The Hunger Games and other dystopias
March 28, 2012 – 1:44 pm by JohnBecause I want to see the movie soon but want to read the book first, I'm finally getting around to reading The Hunger Games by Suzanne Collins. It's set in a dystopian North America several hundred years in the future, as explained in this spoiler-free passage from the first chapter:
He [the mayor of the narrator's "district"] tells the history of Panem, the country that rose up out of the ashes of a place that was once called North America. He lists the disasters, the droughts, the storms, the fires, the encroaching seas that swallowed up so much of the land, the brutal war for what little sustenance remained. The result was Panem, a shining Capitol ringed by thirteen districts, which brought peace and prosperity to its citizens. Then came the Dark Days, the uprising of the districts against the Capitol. Twelve were defeated, the thirteenth obliterated. The Treaty of Treason gave us the new laws to guarantee peace and, as our yearly reminder that the Dark Days must never be repeated, it gave us the Hunger Games.

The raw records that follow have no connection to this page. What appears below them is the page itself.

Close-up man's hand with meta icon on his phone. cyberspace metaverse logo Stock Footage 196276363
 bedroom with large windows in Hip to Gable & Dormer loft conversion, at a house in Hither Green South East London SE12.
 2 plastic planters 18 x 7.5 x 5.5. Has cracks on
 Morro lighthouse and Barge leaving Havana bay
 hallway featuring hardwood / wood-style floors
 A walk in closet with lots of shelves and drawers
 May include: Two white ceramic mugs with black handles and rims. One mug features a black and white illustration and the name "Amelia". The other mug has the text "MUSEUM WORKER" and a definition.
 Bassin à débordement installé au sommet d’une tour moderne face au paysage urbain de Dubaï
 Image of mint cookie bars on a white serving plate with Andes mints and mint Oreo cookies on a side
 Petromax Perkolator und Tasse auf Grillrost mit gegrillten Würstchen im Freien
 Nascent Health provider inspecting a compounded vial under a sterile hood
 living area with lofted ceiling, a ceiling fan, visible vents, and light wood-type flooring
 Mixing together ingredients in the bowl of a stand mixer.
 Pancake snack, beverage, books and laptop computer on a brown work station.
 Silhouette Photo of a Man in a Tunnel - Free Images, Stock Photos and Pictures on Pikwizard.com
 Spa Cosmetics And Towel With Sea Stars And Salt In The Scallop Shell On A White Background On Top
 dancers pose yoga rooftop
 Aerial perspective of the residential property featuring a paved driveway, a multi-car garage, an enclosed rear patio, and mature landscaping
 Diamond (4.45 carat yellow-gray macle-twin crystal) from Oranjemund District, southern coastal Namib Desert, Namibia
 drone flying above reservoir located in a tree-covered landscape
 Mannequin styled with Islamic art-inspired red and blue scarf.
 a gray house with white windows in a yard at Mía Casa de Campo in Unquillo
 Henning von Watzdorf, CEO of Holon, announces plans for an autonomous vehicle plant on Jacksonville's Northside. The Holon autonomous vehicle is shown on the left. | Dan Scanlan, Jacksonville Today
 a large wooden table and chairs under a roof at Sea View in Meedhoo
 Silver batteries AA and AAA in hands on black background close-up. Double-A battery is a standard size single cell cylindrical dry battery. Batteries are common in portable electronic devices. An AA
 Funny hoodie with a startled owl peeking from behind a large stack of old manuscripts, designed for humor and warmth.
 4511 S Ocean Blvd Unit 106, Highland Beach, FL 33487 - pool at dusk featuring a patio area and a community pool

The rules of the Hunger Games are simple. In punishment for the uprising, each of the twelve districts must provide one girl and one boy, called tributes, to participate. The twenty-four tributes will be imprisoned in a vast outdoor arena that could hold anything from a burning desert to a frozen wasteland. Over a period of several weeks, the competitors must fight to the death. The last tribute standing wins.
Taking the kids from our districts, forcing them to kill one another while we watch [on television]—this is the Capitol's way of reminding us how totally we are at their mercy. How little chance we would stand of surviving another rebellion. Whatever words they use, the real message is clear. "Look how we take your children and sacrifice them and there's nothing you can do. If you lift a finger, we will destroy every last one of you. Just as we did in District Thirteen."
[...]
"It is both a time for repentance and a time for thanks," intones the mayor.
That certainly gets the story off to a chilling start, and I've heard it only gets darker.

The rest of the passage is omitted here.